■ **Data**
□ □ □ □ □

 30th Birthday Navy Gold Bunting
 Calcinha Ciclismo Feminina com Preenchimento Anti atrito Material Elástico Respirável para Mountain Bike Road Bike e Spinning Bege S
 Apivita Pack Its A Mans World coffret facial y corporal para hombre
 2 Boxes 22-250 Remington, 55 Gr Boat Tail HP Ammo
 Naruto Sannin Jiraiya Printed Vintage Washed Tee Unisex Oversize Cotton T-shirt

□ □ □ □ □

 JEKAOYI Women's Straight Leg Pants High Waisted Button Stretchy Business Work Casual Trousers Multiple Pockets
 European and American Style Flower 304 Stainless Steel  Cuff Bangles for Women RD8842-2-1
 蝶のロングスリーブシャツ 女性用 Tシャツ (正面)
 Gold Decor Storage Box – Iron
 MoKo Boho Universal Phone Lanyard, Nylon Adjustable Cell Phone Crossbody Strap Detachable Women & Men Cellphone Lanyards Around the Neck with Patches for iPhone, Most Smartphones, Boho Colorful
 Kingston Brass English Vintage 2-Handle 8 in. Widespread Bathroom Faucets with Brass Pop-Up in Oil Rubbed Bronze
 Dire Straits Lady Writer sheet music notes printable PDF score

□ □ □ □ □

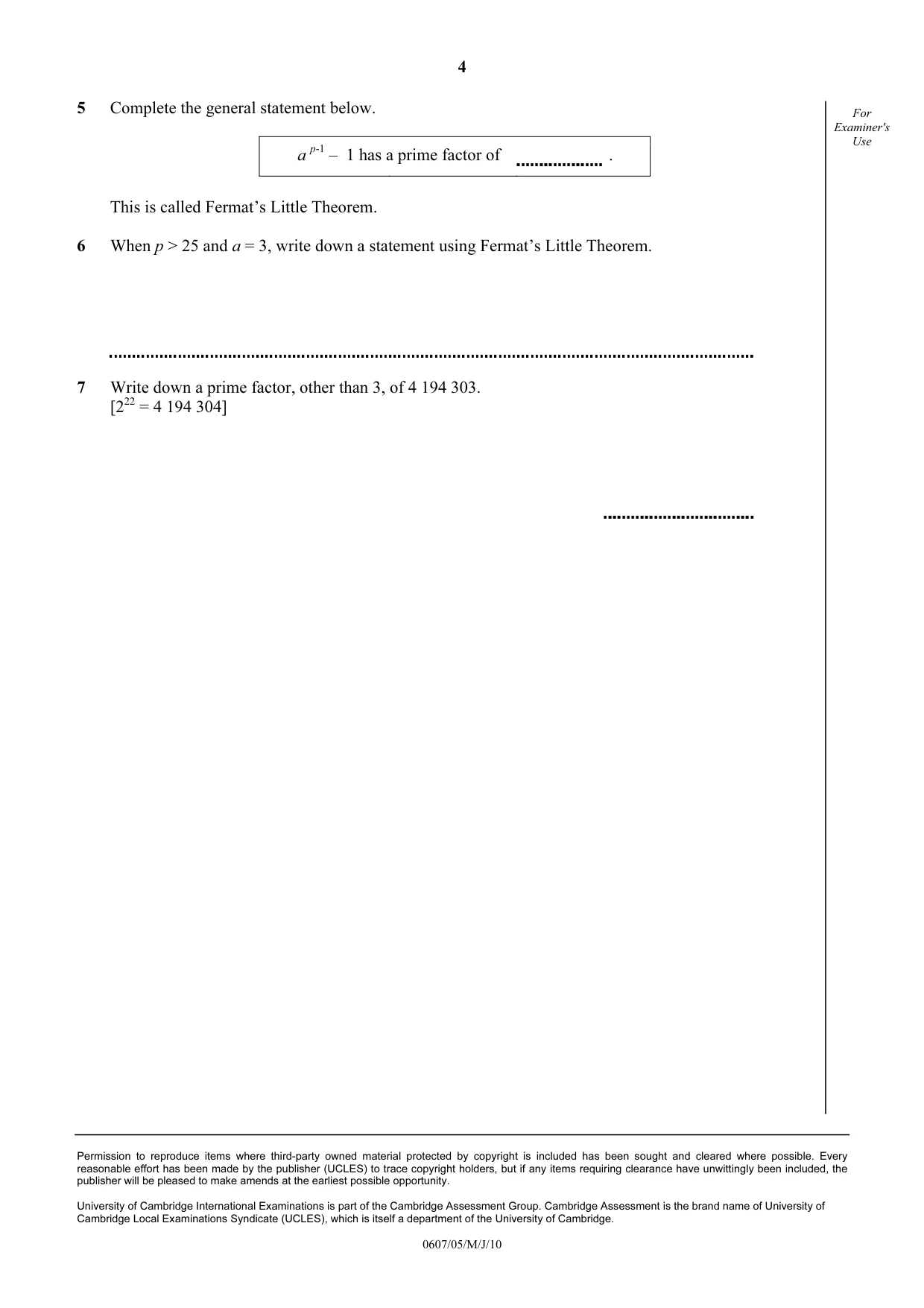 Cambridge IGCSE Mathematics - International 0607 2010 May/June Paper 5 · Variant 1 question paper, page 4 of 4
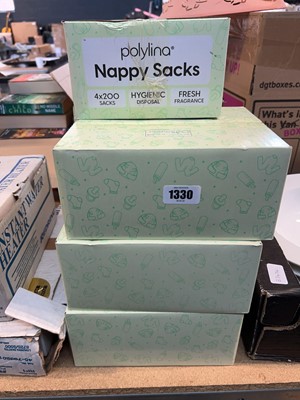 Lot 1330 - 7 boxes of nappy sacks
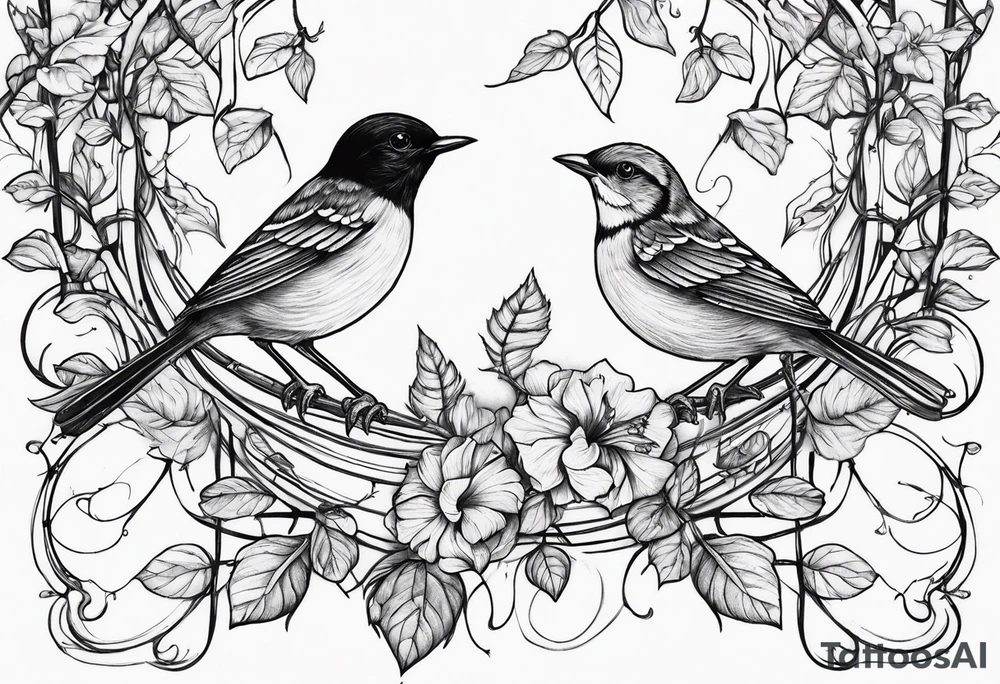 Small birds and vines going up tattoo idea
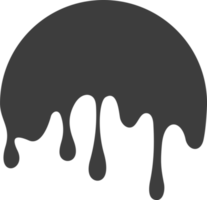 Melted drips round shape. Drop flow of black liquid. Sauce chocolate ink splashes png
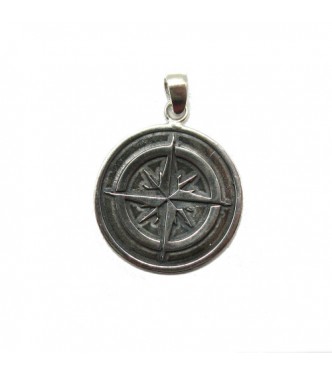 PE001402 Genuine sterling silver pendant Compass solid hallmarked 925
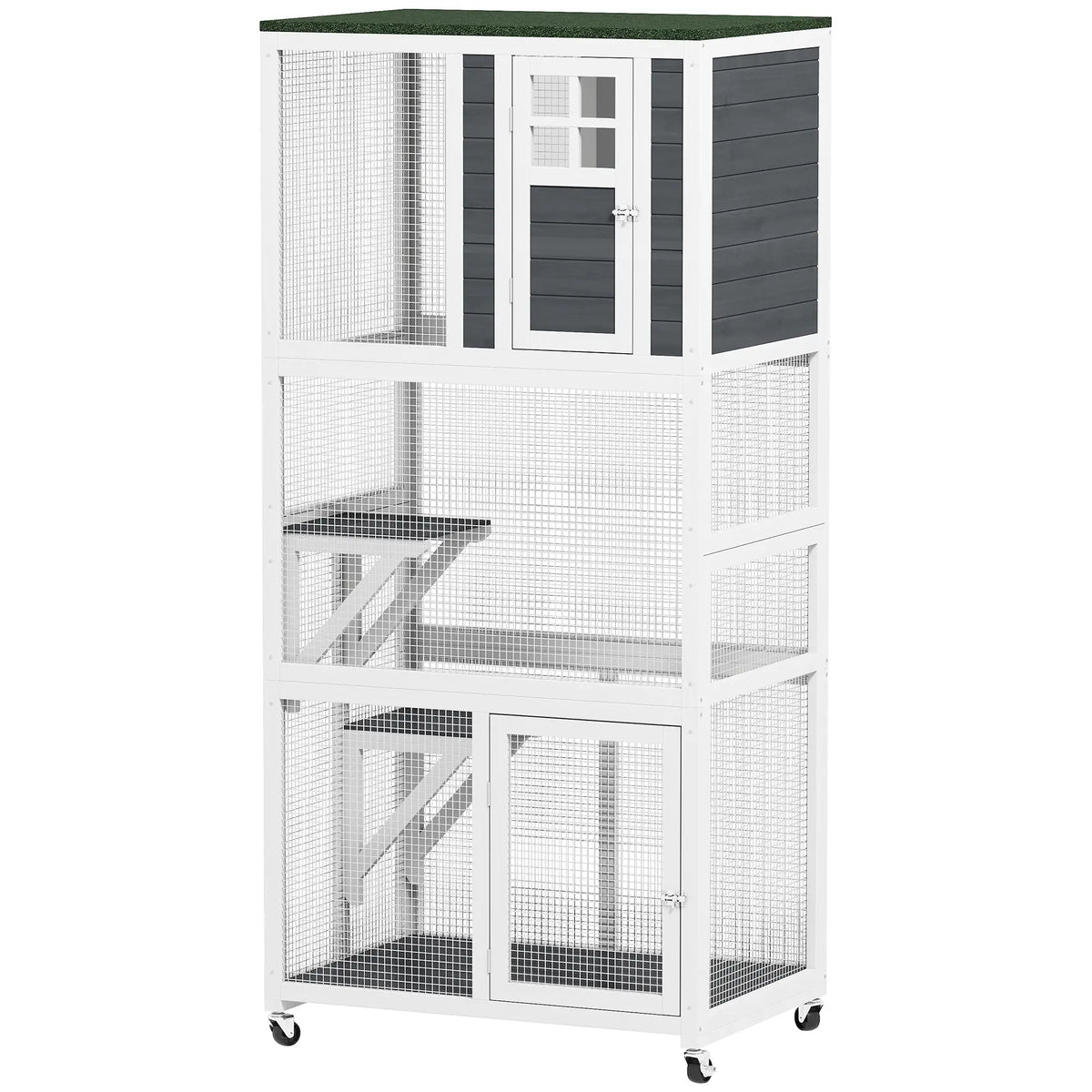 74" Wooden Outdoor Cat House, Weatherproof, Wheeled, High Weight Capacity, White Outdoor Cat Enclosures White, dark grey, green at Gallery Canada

□ □ □ □ □

■ **Exercise prompt**
What you need to produce is an exact copy of the entries above, limited to the lines from the one with "Lot 1330 - 7 boxes of nappy sacks" up to and including the one with "at Gallery Canada", without pictures.

■ **Written solution**
 Lot 1330 - 7 boxes of nappy sacks
 Small birds and vines going up tattoo idea
 Melted drips round shape. Drop flow of black liquid. Sauce chocolate ink splashes png
 PE001402 Genuine sterling silver pendant Compass solid hallmarked 925
 74" Wooden Outdoor Cat House, Weatherproof, Wheeled, High Weight Capacity, White Outdoor Cat Enclosures White, dark grey, green at Gallery Canada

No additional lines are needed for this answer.